Erwerbsminderungsrente oft vor Rente mit 63

Die Rente mit 63 ist für viele oft kaum erreichbar, denn der Stress bei der Arbeit macht immer mehr Menschen krank. Für sie stellt sich die Frage des Rentenbeginns mit 67, 65 oder 63 gar nicht erst. Die Arbeitgeber verlangen mehr Therapieplätze.

Jedes Jahr halten Hunderttausende gar nicht bis zum Renteneinstiegsalter durch - psychische Erkrankungen, etwa Depressionen, sind Hauptursachen, die Zahlen steigen. Die Gewerkschaften sehen deshalb immer dringender die Bundesregierung gefordert, den Arbeitsschutz gegen Überlastung im Job zu erhöhen. Die Arbeitgeber kritisieren vor allem, die Betroffenen würden zu langsam und zu wenig behandelt.


Immer mehr Menschen beziehen Erwerbsminderungsrente

Laut Deutscher Rentenversicherung Bund wechselten im vergangenen Jahr 66 441 Arbeitnehmer wegen psychischer Erkrankungen in die Erwerbsminderungsrente - 732 mehr als im Vorjahr und 19 351 mehr als 2005. «Die besondere Dramatik liegt im Durchschnittsalter der Betroffenen», sagt Susanne Weinbrenner, bei der Rentenversicherung für Sozialmedizin zuständig.

Erwerbsminderungsrente oft schon ab 49

Das durchschnittliche Alter beim Beginn der Erwerbsminderungsrente wegen psychischer Leiden liegt bei rund 49 Jahren. Bei den weniger zahlreichen Frührenten wegen Knochen-Muskel-Problemen, Krebs oder Herz-Kreislauf-Krankheiten sind die Betroffenen zum Rentenbeginn im Schnitt dagegen bereits 53 bis 56 Jahre alt.

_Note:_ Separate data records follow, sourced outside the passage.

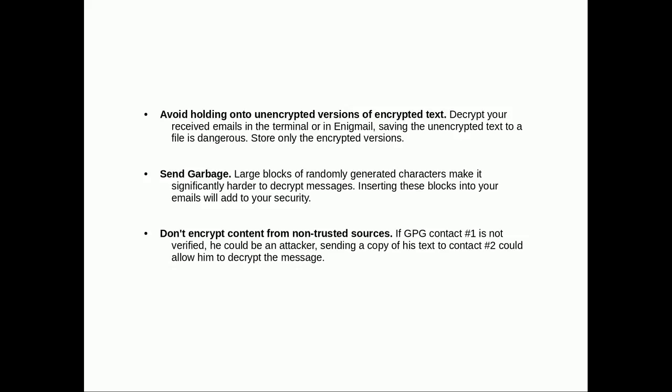Sending garbage: if you were to generate huge blocks of ASCII, random numbers, and symbols, and jam a new block into every single message, that would add a lot of strength to your GPG.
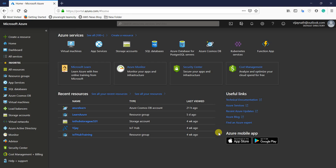Hello and welcome to another episode of Quoted with Vijay. Today I'm going to take you through Azure Redis Cache.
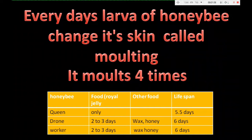It molts four times. The queen, in the larva stage, is fed only royal jelly and spends about 5.5 days in the larva stage. Drone spends two to three days on royal jelly, then other days on wax and honey, lasting about 6 days in the larva stage. Worker bee also spends two to three days on royal jelly, then other days on wax and honey, lasting about 6 days in the larva stage.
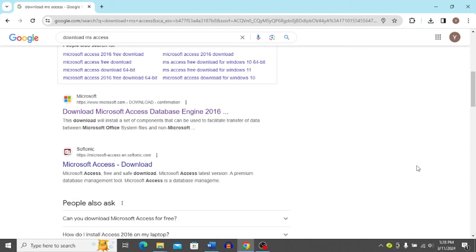Looking to download and install MS Access for free? Well, in this video, I'm going to show you step by step how to do so.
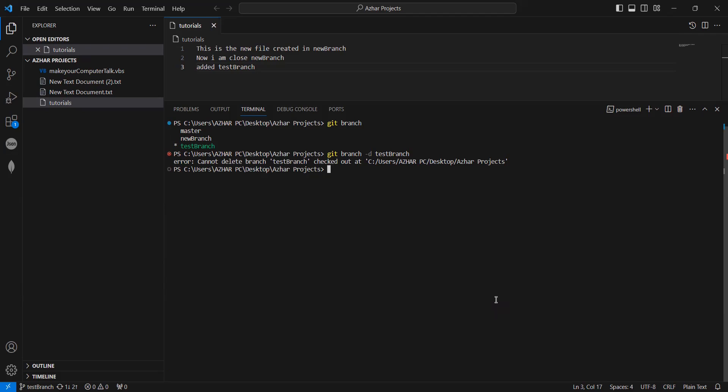Hello everyone, how are you all? Welcome back. Guys, in this video we are going to discuss how to fix this error.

Gründe für den Bezug der Erwerbsminderungsrente

«Die Ursachen sind vielfältig», sagt Ingo Nürnberger, Sozialpolitik-Experte des Deutschen Gewerkschaftsbundes. «Doch die Gestaltung der Arbeitszeit, der konkreten Arbeitsbedingungen und das Führungsverhalten in Unternehmen sind zentral.» Die Industrie schraube die Anforderungen vielfach hoch. «Oft herrschen große Arbeitsverdichtung und schnelle Taktzeiten.» Das gelte auch für den Dienstleistungsbereich, wo zusätzlich Schichtarbeit und unregelmäßige Arbeitszeiten zugenommen hätten - und zwar stark, wie Nürnberger betont.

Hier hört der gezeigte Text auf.